Suppose that you’re trying to build a hotdog classifier, and you have a choice between two neural networks: network A has a cross-entropy loss of 0.01 on the training set, and it reached that loss extremely quickly. Network B obtains a cross-entropy loss of 0.0001 on the training set, but it took a lot longer to get below 0.01 than Network A. You want to use the model that will be the most accurate on new, unseen possible-hotdogs: which do you pick?

If you held out some training data for a validation set, then you can pick the one with better performance on the unseen data and be done. But suppose you don’t have access to a validation set. Is there still a way of justifying the intuition that the model that got a pretty low loss quickly is less likely to have overfit than the model that got an extremely low loss slowly? It turns out the answer is yes – if you’re willing to be Bayesian.

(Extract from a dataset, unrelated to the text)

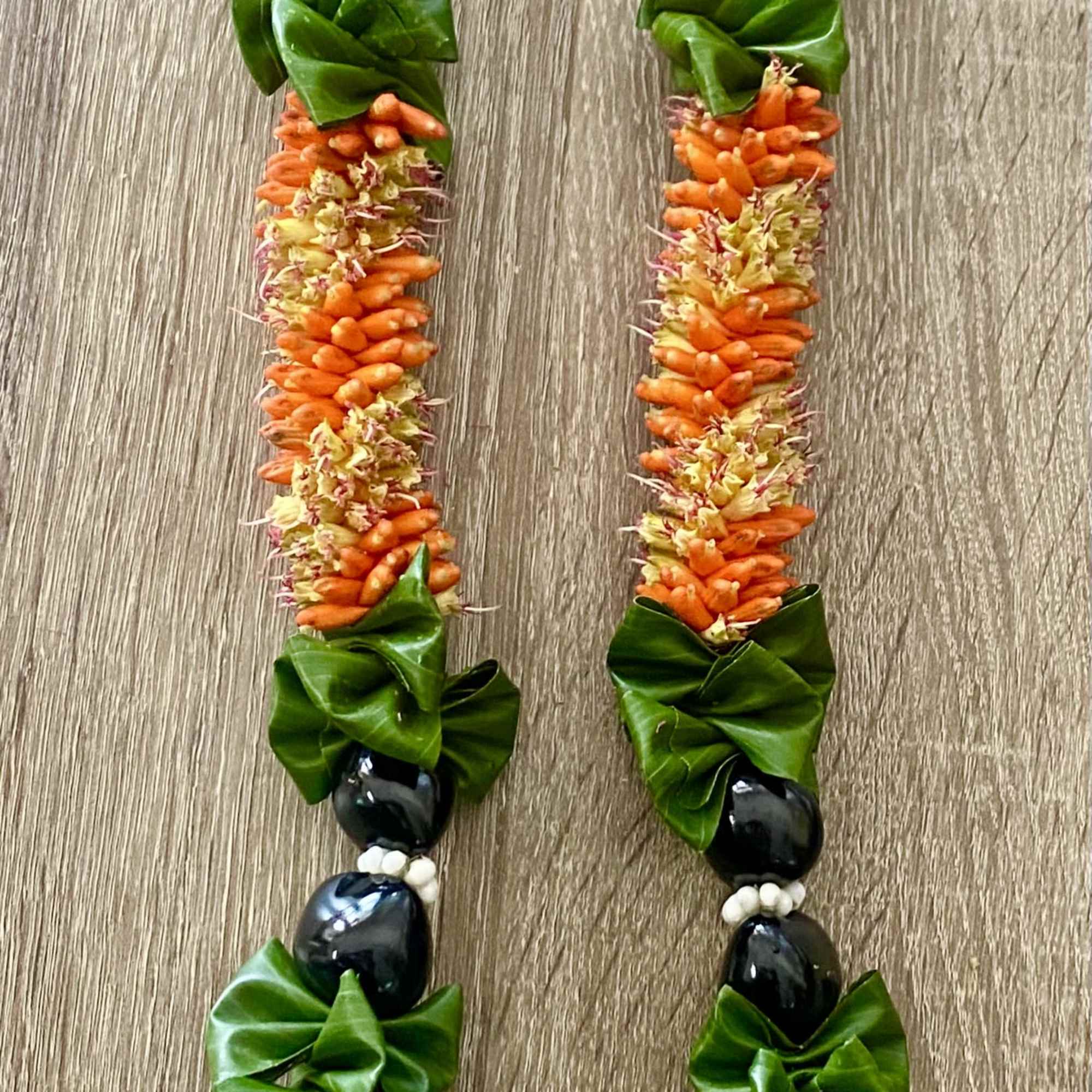 CIGAR FLOWER/ KUKUI NUT/TI LEAF LEI *NOTE 40.00 MINIMUM FOR DELIVERY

## Background on Model Selection

TL;DR

• Model selection and generalization are deeply connected
• Generalization in neural networks is not well-understood
• There are some generalization bounds that are related to training speed
• A Bayesian approach to model selection is to pick the model with the highest marginal likelihood

# Estimating the Marginal Likelihood

### Decomposing the log ML

OK, so if we want to perform model selection by maximizing the marginal likelihood, we’ll need to compute the marginal likelihood first. Observe that we can write the (log) ML as follows.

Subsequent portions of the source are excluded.